WHAT YOU HAVE TO DO: In the entries below, find the line with "Postel boxspring Ondra", then set it down exactly along with each line after it to the end, skipping any pictures.

INPUT DATA:
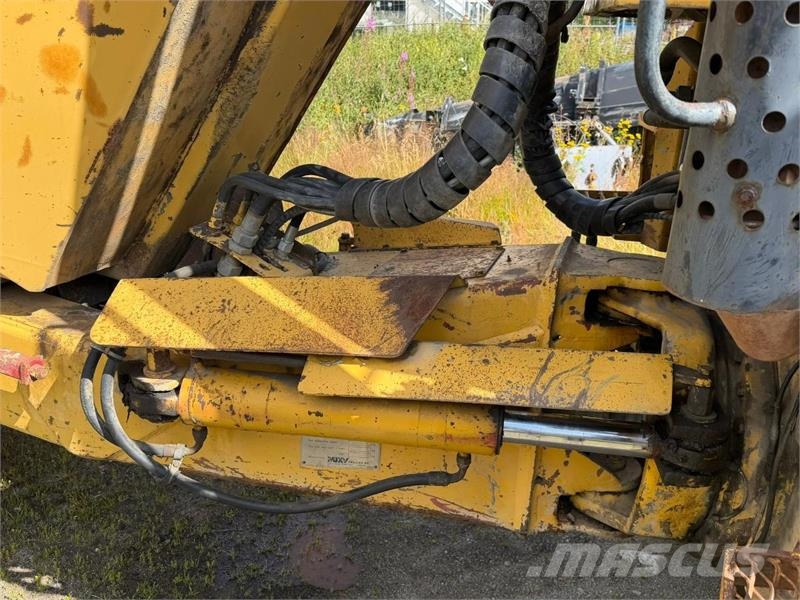 Moxy MT27 rammestyrt anleggsdumper Site dumpers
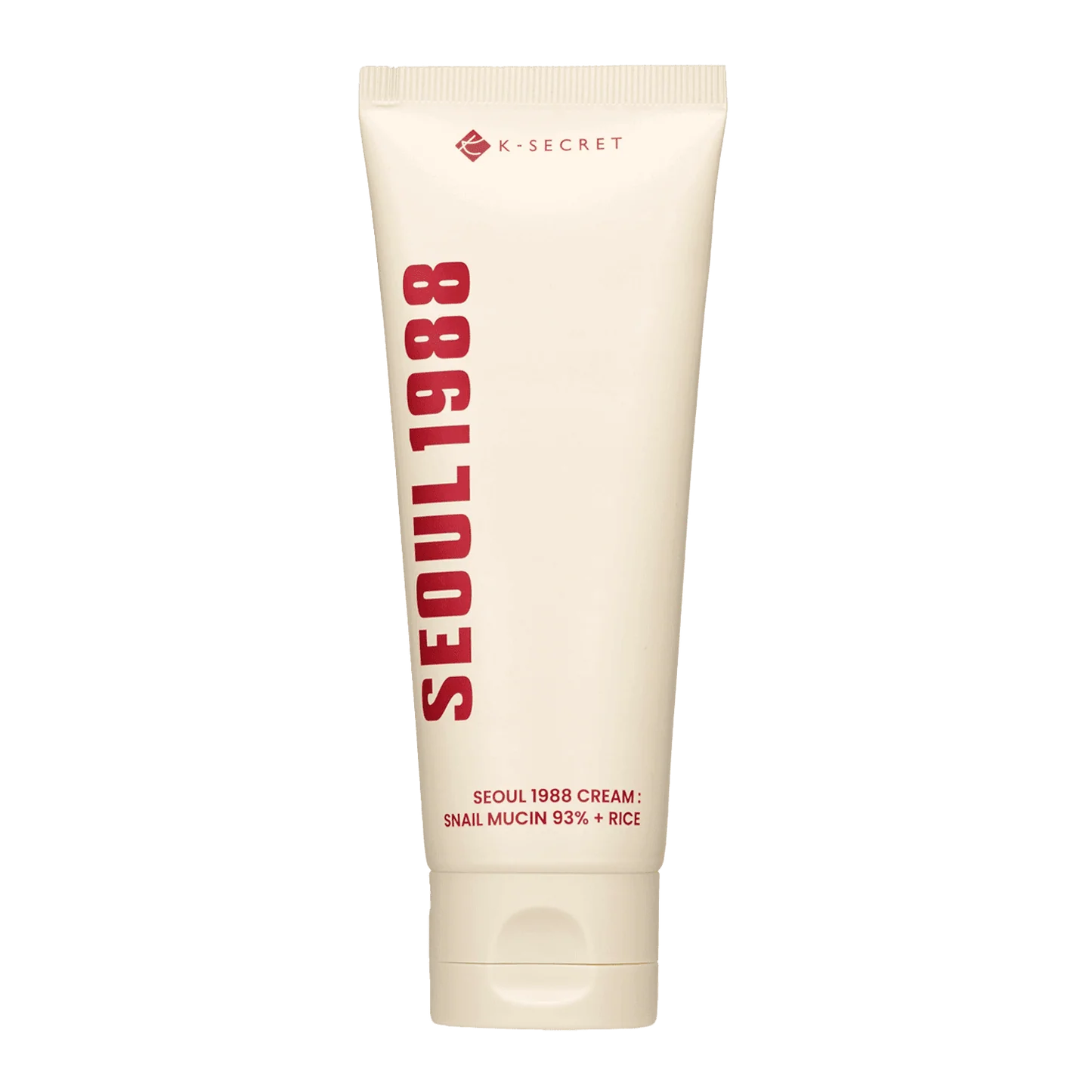 80-2024-588 K-SECRET, SEOUL 1988 Cream : Snail Mucin 93% + Rice 100ml - Image 1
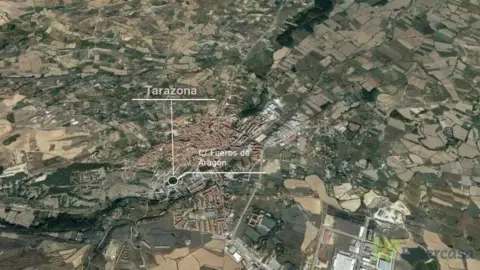 Terreno en Paseo de los Fueros de Aragón
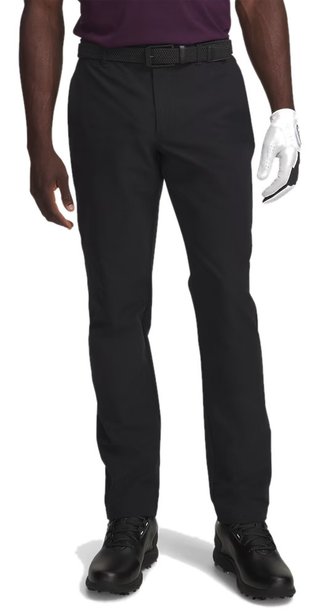 Under Armour Tech Tapered pantalon homme, noir/blanc
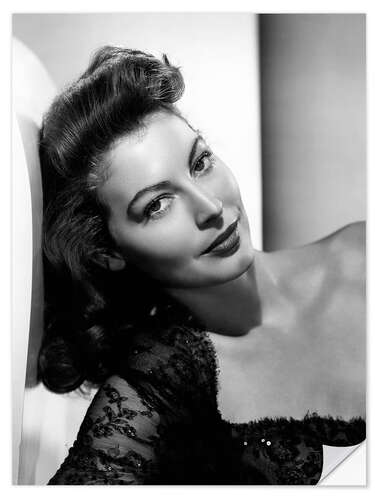 Vinilo para la pared Ava Gardner I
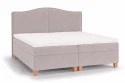 Postel boxspring Ondra 150x220 volitelná výška ložné plochy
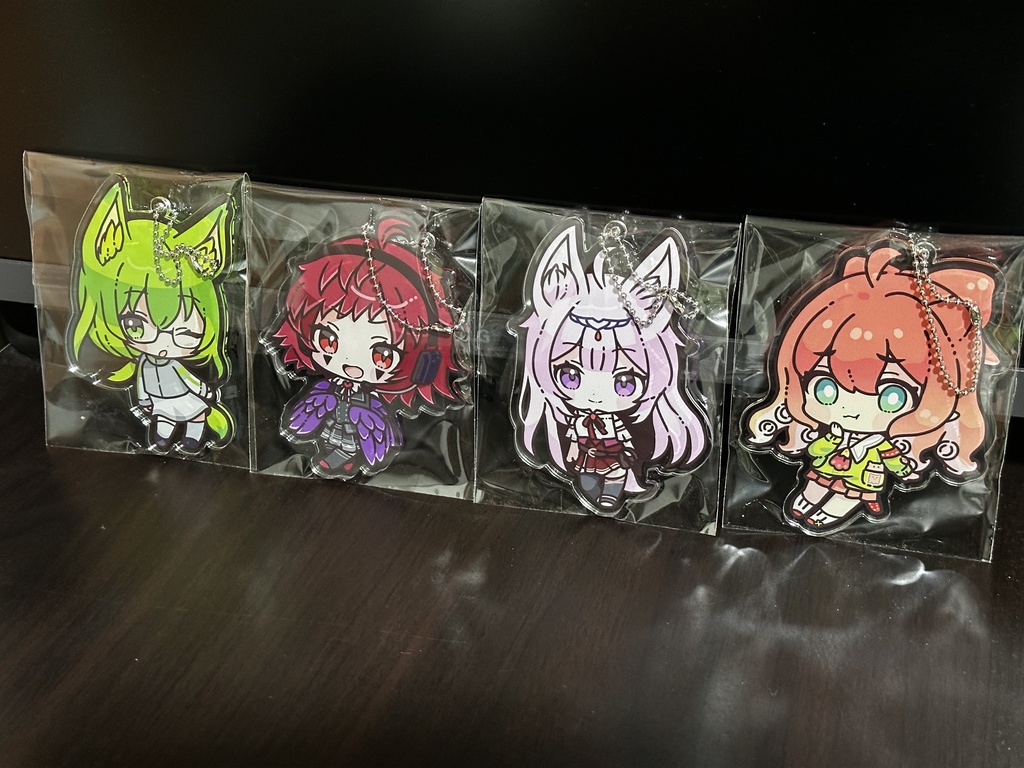 Bloomuse' Jewelry でかキーホルダー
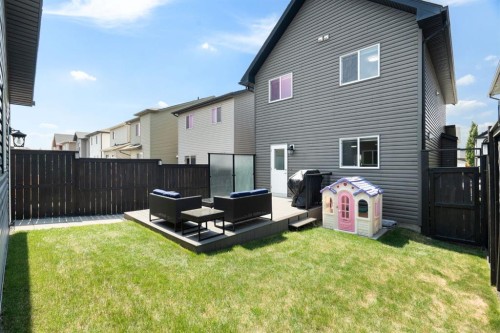 54 Legacy Common Se, Calgary, AB - Outdoor With Deck Patio Veranda With Exterior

OUTPUT FOR THIS EXERCISE:
 Postel boxspring Ondra 150x220 volitelná výška ložné plochy
 Bloomuse' Jewelry でかキーホルダー
 54 Legacy Common Se, Calgary, AB - Outdoor With Deck Patio Veranda With Exterior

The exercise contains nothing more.